Ripartiamo sulla statale accanto alla Una, la lasciamo dopo qualche chilometro di salita scendendo a destra con un tratto di sterrato, verso Kulen Vakuf e poi Martin Brod. Gocce di pioggia sulle moschee in costruzione, sulle babe che raccolgono peperoni, e danno da mangiare alle oche e trasportano capretti. Sulle tombe dei giovani bosgnacchi, sulle foto dei caduti incastonate su gigantesche lapidi di marmo a forma di Bosnia. La strada si avvicina e si allontana dal fiume, a volte lo sovrasta. Sul lato opposto fortezze in rovina e mura di città vecchie. Quando smette la pioggia ci accompagnano aquile e aironi. Buchi di arma da fuoco attorno alle finestre, ricoperti di intonaco alla bell’e meglio. Una casa abbandonata e senza infissi, sui muri esterni le grandi scritte a spray ‘ok’ e ‘sigurno’. Un’altra ribattezzata ‘hotel ritz’. I saluti dei bambini, gli incitamenti dai camper. E poi milioni di sfumature di verde, ancor più che a Plitvice. Qui ci sono anche gli stivali e le tute mimetiche dei pescatori, e le bandiere con lo spicchio di luna e la stella sulle cime dei minareti.

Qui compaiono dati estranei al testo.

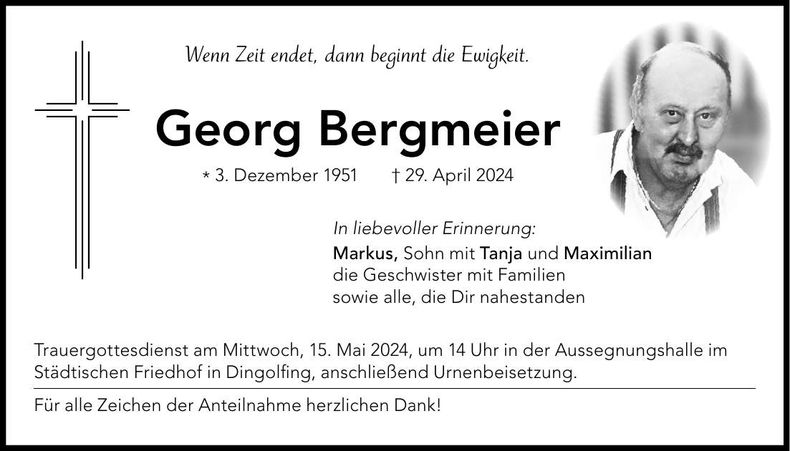Traueranzeige Georg Bergmeier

A Kulen Vakuf anche il ponte sul fiume batte bandiera saudita. Ci ristoriamo in un baretto proprio sull’acqua, prima degli ultimi dieci chilometri di nuovo sterrati. A Martin Brod, enclave ortodossa nella valle tutta musulmana, troviamo posto a casa di Zora. D’inverno gestisce un ristorante a Banja Luka, d’estate farcisce peperoni per i turisti, che vengono ad ammirare le cascate e le lavatrici azionate dai mulini ad acqua. Andrea le piace, chiede se è mio marito e alla risposta prudenziale “sì” si complimenta di gusto: “Bello, bello”, dice in italiano.
Mi precede per le scale per mostrarmi la stanza all’ultimo piano, con i tappeti che coprono il cemento e l’intonaco a vista sulle pareti. Toglie gli occhiali e il giornale dal lato del letto del marito, tira lo sciacquone in bagno, passa una mano sul bordo della vasca da bagno e si frappone tra me e il resto rassicurandomi: “Ora pulisco tutto quanto”. Poi scende con noi, siede sulla panca di legno accanto ad Andrea, versa tre generosi bicchieri di rakija e chiacchiera, chiassosa e ammiccante. Dopo dieci minuti in cui Zora ha trovato ogni scusa per mettergli le mani sulle spalle o sulle cosce, Andrea approfitta di una breve pausa della matrona: “E’ lei – mi chiede – quella che ci sta pulendo la stanza?”.